Explanation of Regular Expressions in Python, python Regular Expressions
Basics
Regular Expressions are widely used in python because they can be used for any matching and match the information we want to extract. When we contact regular expressions, you will know the strong regular expressions. Regular expressions have a library re. In some projects, we often call regular expressions to solve matching problems.
String is the most involved data structure during programming, and the demand for string operations is almost everywhere. For example, to determine whether a string is a valid Email address, although it can be programmed to extract the substring before and after @ and then determine whether it is a word or a domain name separately, this is not only troublesome, but also difficult to reuse the code.
Regular Expressions are powerful weapons used to match strings. It is designed to define a rule for a string in a descriptive language. Any character string that complies with the rule will be considered "matched". Otherwise, this string is invalid.
Therefore, we can determine whether a string is valid by Email:
1. Create a regular expression that matches the Email;
2. Use this regular expression to match the user's input to determine if it is legal.
Because regular expressions are also represented by strings, we need to first understand how to use characters to describe characters.
In a regular expression, if a character is directly given, exact match is performed. Use \ d to match a number, and \ w to match a letter or number, so:
•'00\d'
Can match '007 ', but cannot match '00a ';
•'\d\d\d'
It can match '010 ';
•'\w\w\d'
Match 'py3 ';
.
Can match any character, so:
•'py.'
It can match 'pya', 'pyb', and 'py! 'And so on.
To match variable-length characters, in a regular expression, use * to represent any character (including 0 characters), use + to represent at least one character, and use? 0 or 1 characters, {n} represents n characters, and {n, m} represents n-m characters:
Let's take a complex example: \ d {3} \ s + \ d {3, 8 }.

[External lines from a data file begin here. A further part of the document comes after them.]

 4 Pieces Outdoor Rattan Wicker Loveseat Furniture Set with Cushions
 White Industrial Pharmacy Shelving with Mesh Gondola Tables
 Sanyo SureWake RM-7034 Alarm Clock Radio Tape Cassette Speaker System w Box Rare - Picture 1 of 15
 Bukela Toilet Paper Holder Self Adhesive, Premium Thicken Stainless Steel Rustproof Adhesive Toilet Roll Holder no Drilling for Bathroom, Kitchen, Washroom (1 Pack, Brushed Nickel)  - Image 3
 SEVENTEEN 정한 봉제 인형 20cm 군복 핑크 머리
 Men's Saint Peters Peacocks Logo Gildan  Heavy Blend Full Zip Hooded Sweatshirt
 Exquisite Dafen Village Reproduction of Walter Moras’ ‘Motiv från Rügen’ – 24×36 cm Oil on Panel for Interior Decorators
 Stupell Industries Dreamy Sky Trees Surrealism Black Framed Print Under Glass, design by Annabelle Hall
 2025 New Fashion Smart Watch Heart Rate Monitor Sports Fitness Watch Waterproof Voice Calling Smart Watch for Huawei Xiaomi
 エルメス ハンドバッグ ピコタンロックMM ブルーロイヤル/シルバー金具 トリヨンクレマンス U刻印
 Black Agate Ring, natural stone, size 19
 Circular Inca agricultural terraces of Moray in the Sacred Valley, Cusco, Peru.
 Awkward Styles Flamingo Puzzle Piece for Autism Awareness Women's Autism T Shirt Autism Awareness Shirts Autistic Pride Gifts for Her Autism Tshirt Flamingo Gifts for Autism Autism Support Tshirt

Let's explain from left to right:
1. \d{3}
Matches three numbers, for example, '010 ';
2.\s
It can match a space (including tabs and other blank characters), SO \ s + indicates at least one space, for example, matching '','', etc;
3.\d{3,8}
3-8 digits, for example, '20140901 '.
In combination, the above regular expression can match a telephone number with a zone number separated by any space.
What if I want to match a number like '010-12345? Because '-' is a special character, it must be escaped using '\' in a regular expression. Therefore, the above regular expression is \ d {3} \-\ d {3 }.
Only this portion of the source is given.